VBOs and ATI

When I disabled VBOs on my ATI 2400 HD Pro test card I got about a 1000% increase in framerate, even when drawing a repeating mesh.

Note to self: never use VBOs on ATI hardware.

Also, glGenMipmapsExt() does not seem to work on ATI cards. However, their latest drivers seem to have fixed a lot of glsl problems, so I am calling off the attack on AMD headquarters.

Just of out of curiosity, what are use using instead of VBOs ? Display Lists ?
What was the vertex format you used to fill the VBOs ?

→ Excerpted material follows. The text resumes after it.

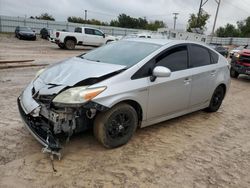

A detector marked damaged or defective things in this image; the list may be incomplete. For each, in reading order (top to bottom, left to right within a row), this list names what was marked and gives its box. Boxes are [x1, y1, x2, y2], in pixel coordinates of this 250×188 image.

crumpled hood [33, 56, 125, 94]
broken headlight [52, 86, 106, 105]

I think it should be time for me to have another look at my ATI test cards !..

Vertex arrays.
The terrain patch I was testing with was just a vertex position buffer, with an interchangable attribute buffer. Making the attribute buffer a vertex array instead of a VBO gained about a 10% increase. Replacing the position buffer with an array resulted in an exponential gain in speed.

The rendering routine was like this:
Set buffers/arrays
change attribute buffer/array
change attribute buffer/array
change attribute buffer/array
change attribute buffer/array
unset buffers/arrays

The fact that the position array was so much faster was surprising to me, because it is being rendered over and over, something that VBOs are very good for.

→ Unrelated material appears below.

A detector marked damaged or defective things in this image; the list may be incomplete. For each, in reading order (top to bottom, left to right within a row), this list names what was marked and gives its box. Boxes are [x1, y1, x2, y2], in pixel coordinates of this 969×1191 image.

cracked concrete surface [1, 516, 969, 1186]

What is the format of your position array VBO ? Maybe the format isn’t natively supported by the card and the driver has to copy it back to system memory, convert it and send it back to the GPU each time you use it, that would explain the bad performances.

In which case the driver would be retarded. Then again, it’s ATI drivers we’re talking about here…

When you say “change attribute buffer” Leadwerks, you mean you have bunch of static attribute buffers, and just change the active one? Or do you dynamically change the buffer?

ATI cards require all elements to be 32bit aligned and have size which is multiple of 32 bits (e.g. properly aligned 4 ubytes are fine, 3 ubytes are not). Otherwise the driver must convert the data during drawing which is very costly when VBOs are used.

In which case the driver would be retarded. Then again, it’s ATI drivers we’re talking about here…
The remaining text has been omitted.